# Thread: pulling out constants with the lebesgue integral

1. ## pulling out constants with the lebesgue integral

Let f be a positive, measurable function. Let c be a constant. let E be a measurable set.

I know that the integral of cf over E equals c times the integral of f over E when c is greater than or equal to 0 and less than infinity. I need to prove that this works even when c= infinity. I am a little confused because isn't infinity times a positive value infinity? I suppose 0 times infinity is 0. Does it suffice to just look at these two cases?

2. Infinity is not even a number. I can't imagine why you would want to multiply a function by infinity (nor how you would do it!).

3. Originally Posted by HallsofIvy
Infinity is not even a number. I can't imagine why you would want to multiply a function by infinity (nor how you would do it!).
I am also sort of skeptical but it is an exercise in Rudin's Real and Complex Analysis text.

In the extended reals we define infinity, call it q, like this:

let a be in [0,q]

then

a+q=q+a=q for all real numbers a
aq=qa= q if a is nonzero and 0 if a is zero.
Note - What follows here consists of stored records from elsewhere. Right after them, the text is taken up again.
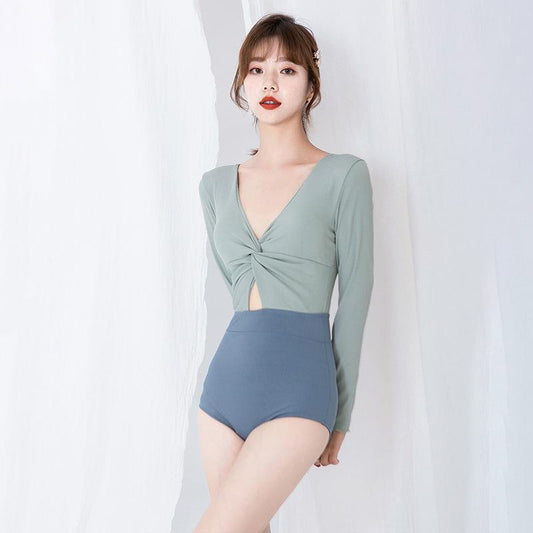 One-Piece Push-Up Swimsuit Women Summer Korean Ins Long-Sleeve Halter Bathing Suit Student Swimwear Bikini Beachwear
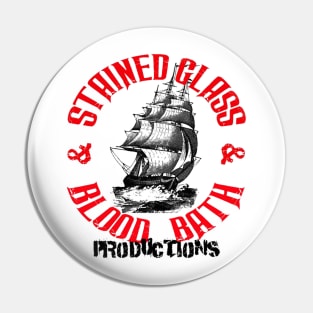 Stained Glass and Blood Bath Productions logo Pin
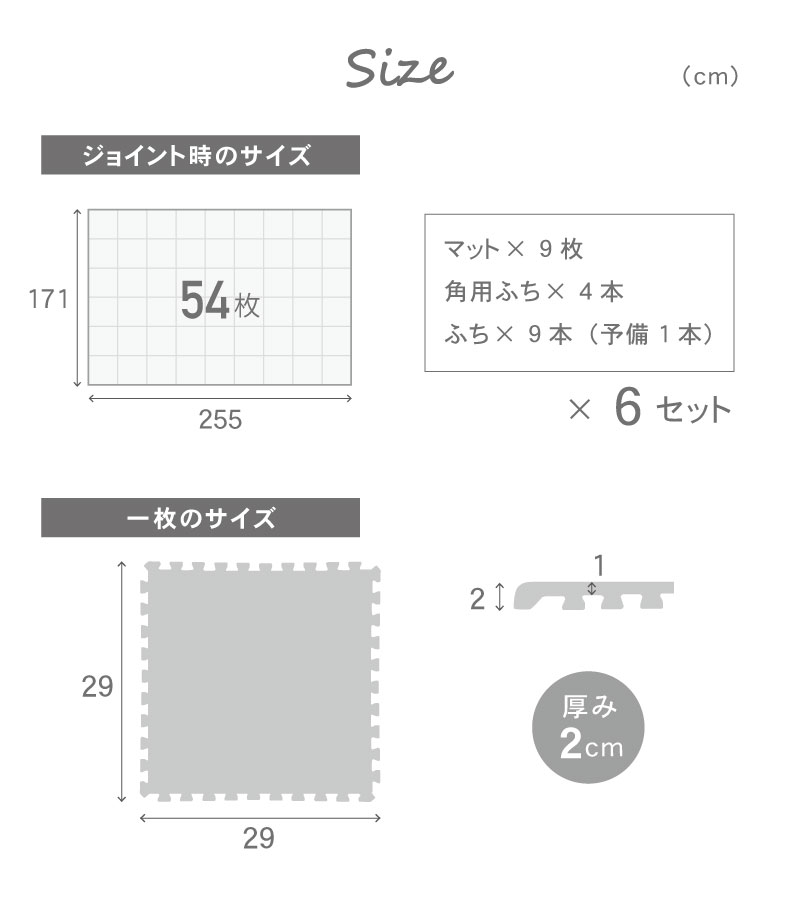 約3畳 54枚セット 30ｘ30 ジョイントマット ゴクアツのサイズ1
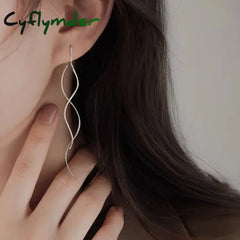 Cyflymder Simple Korean Wave Glossy Curved Bar Long Tassel Earrings For Women Color Geometric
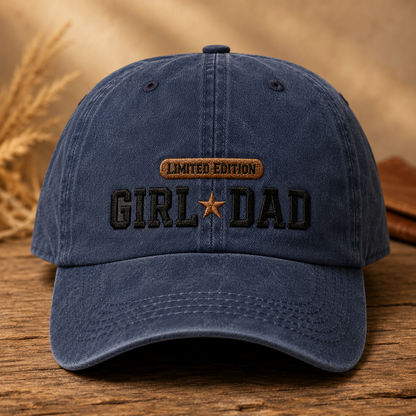 Girl Dad Limited Edition Washed Cap, Embroidered Father's Day Hat for Dads - Washed Cap - front view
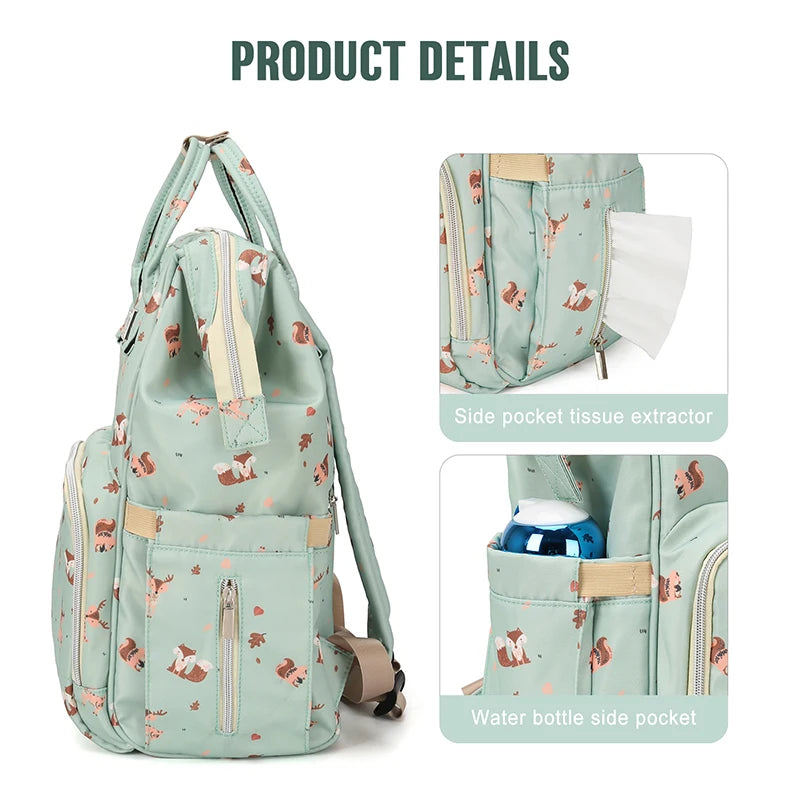 Large Capacity Waterproof Diaper Backpack – Multi-Function Travel & Nursing Bag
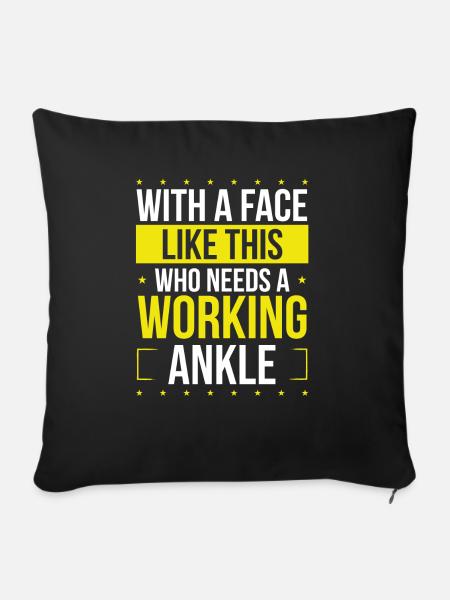 Grappige Gebroken Enkel goed binnenkort Broken Ankle Warrior - Sierkussenhoes, 45 x 45 cm - zwart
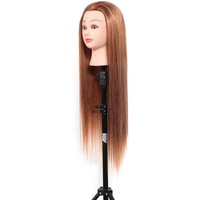 Trainingsköpfe,24'' Synthetische Haare Mannequin zum frisieren Kopf Friseur Trainingskopf Kosmetologie Puppenkopf Übungskopf mit Halterung 24,5 x 19 x 11 cm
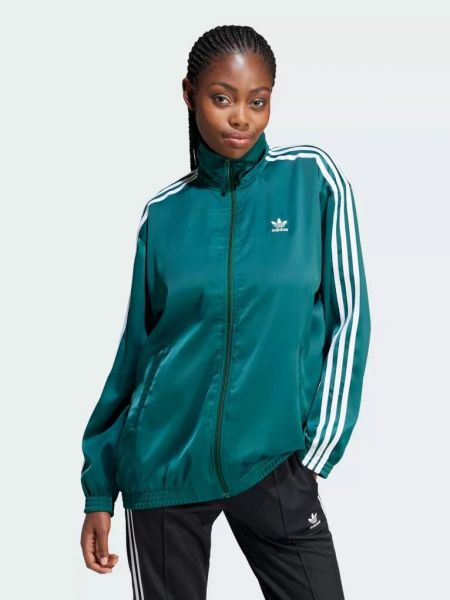 Спортивная атласная куртка свободного кроя Adidas Originals зеленая
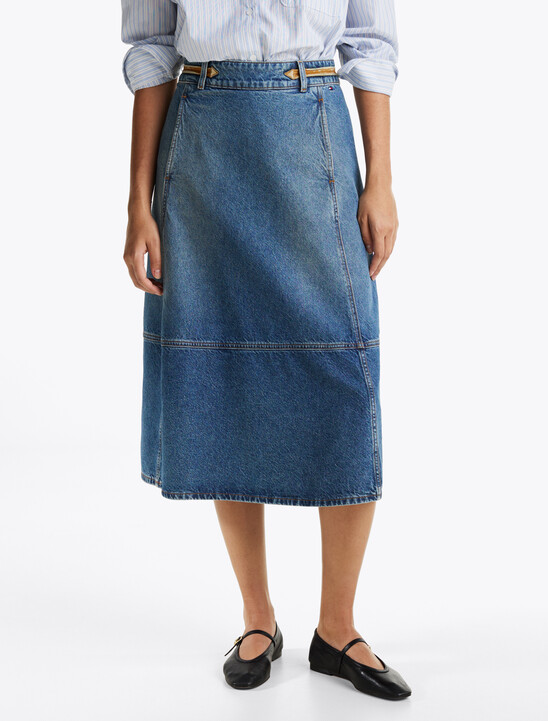 Leather Detail Denim A-Line Midi Skirt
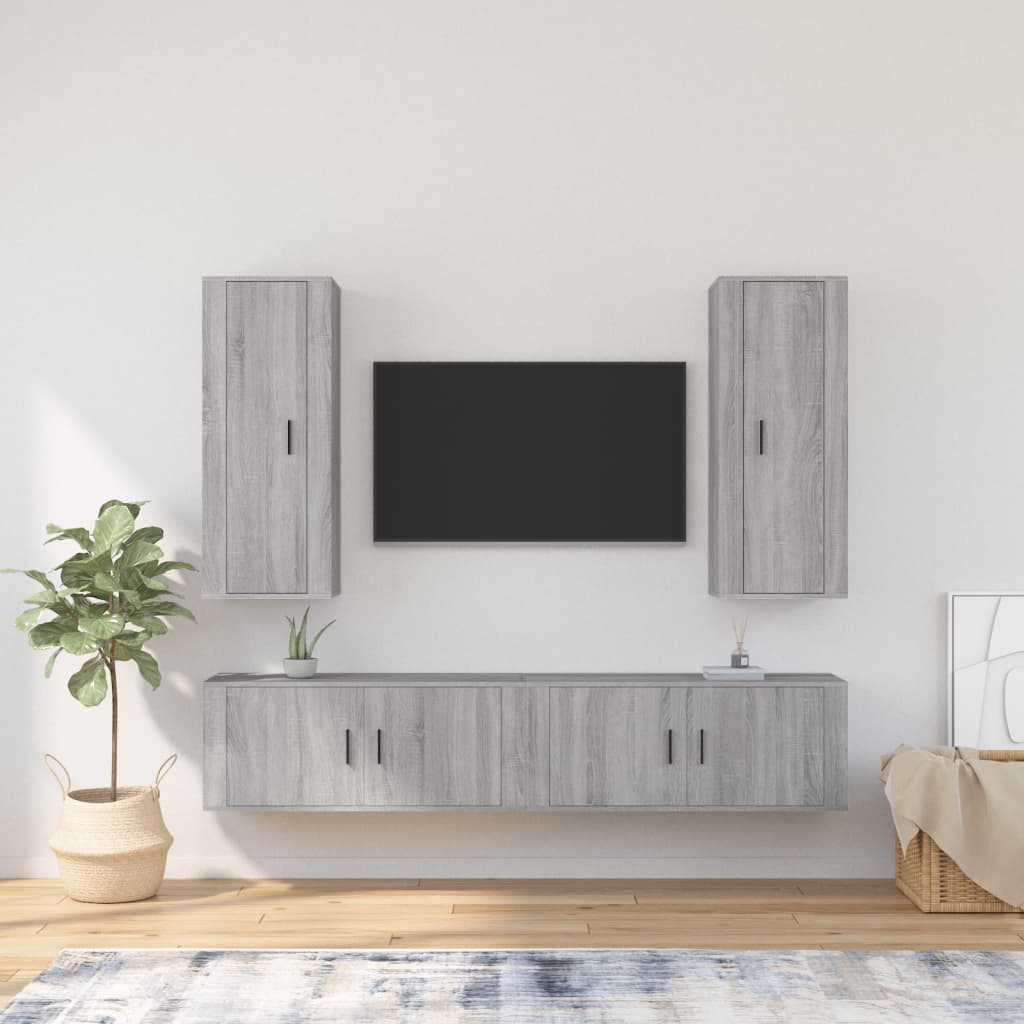 vida XL 4-tlg. TV-Schrank-Set Grau Sonoma Holzwerkstoff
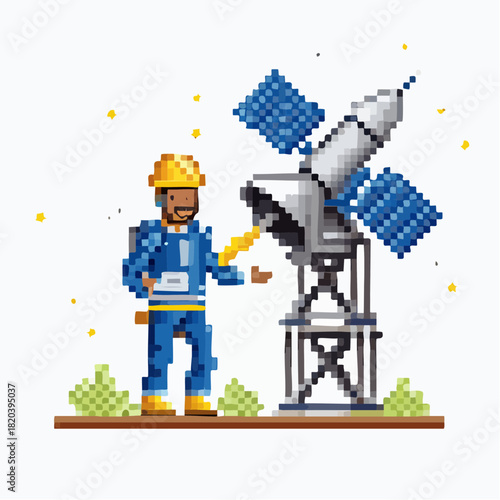 A pixel art illustration of an engineer in a hard hat working on a satellite dish with solar panels, depicting technology and communication.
This way we preserve commutative/associative and distributive properties.

We have to be careful with the cancellation laws: we can't subtract or divide by q.

4. Nice book Rudin's!
You must distinguish 2 cases.

1. If $\displaystyle f$ is diferent form 0 in a subset F of E of positive measure, then it follows that $\displaystyle \int_E f\neq 0$ because $\displaystyle \mu\{x\in E:f(x)>1/n\}>0$ for some $\displaystyle n$. Hence $\displaystyle \infty f=\infty$ in F and hence $\displaystyle \int_E\infty f\geq \int_F\infty f=\infty\mu (F)=\infty=\infty\int_E f.$. Thus the inequality becomes an equality.

1 If $\displaystyle f$ equals 0 almost everyhere in $\displaystyle E$, then we can take $\displaystyle F$ with $\displaystyle \mu(E\setminus F)=0$ and $\displaystyle f=0$ on $\displaystyle F$. Therefore $\displaystyle \int_E \infty f=\int_F \infty f=\int_F 0=0=\infty 0=\infty\int_F f=\infty\int_E f$.